Q: Emergency Ex-Parte suspending parent time. Do you have to always notify the other party?
This was done and the party was not notified to be able to respond and there was no just cause for it. Estranged Wife was just mad and did this. Motion for hearing dismissed bt Plaintiff. Husband found out by looking on line at court records as he didn't get his son as he was supposed to. Why would he have no right to respond to any alligation to what she said to a court judge?
Ex parte orders, when granted, are entered without notice to the other party. They are, by their nature, emergency motions.
Once entered, you should receive a copy of the order, which has notice requirement language explaining how to object. Without going too far into the logistics, you need to timely file an objection and notice it with the court for a hearing date, then serve the other party with that notice.

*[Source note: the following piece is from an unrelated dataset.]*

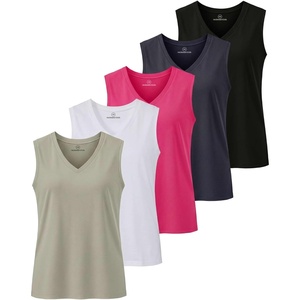 image:imageReal Essentials 5 Pack Womens Cotton VNeck Sleeveless Tank Top Basic Ladies Casual Shirts Available in Plus SizeSet 5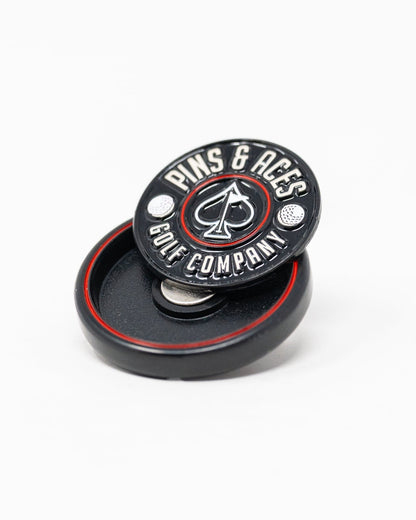 Pop Out Medallion Ball Marker - Black - Pins and Aces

I'm not sure what you mean by "motion for hearing dismissed by Plaintiff"; a party doesn't dismiss motions. If the court is saying that the motion now comes too late, you may need to file a different motion explaining the delay (i.e., never received order). BUT, before you go down that road, every party in a family case has an obligation to have their proper address on file. If you moved and did not notify the Friend of the Court, and the order was sent to some other address, the fault lies with you on that.
An ex parte order is entered without a hearing and used if there's a potential for irreparable harm if an immediate order is not entered. However you must receive notice of the ex parte order and a proof of service must be entered with the court in order for it to be enforceable. You would have 14 days to object to the order after you are served. If you are not served, the order is technically not enforceable since you have not gotten notice.
If you are served and no objection is filed within 14 days, the order automatically becomes an order of the court.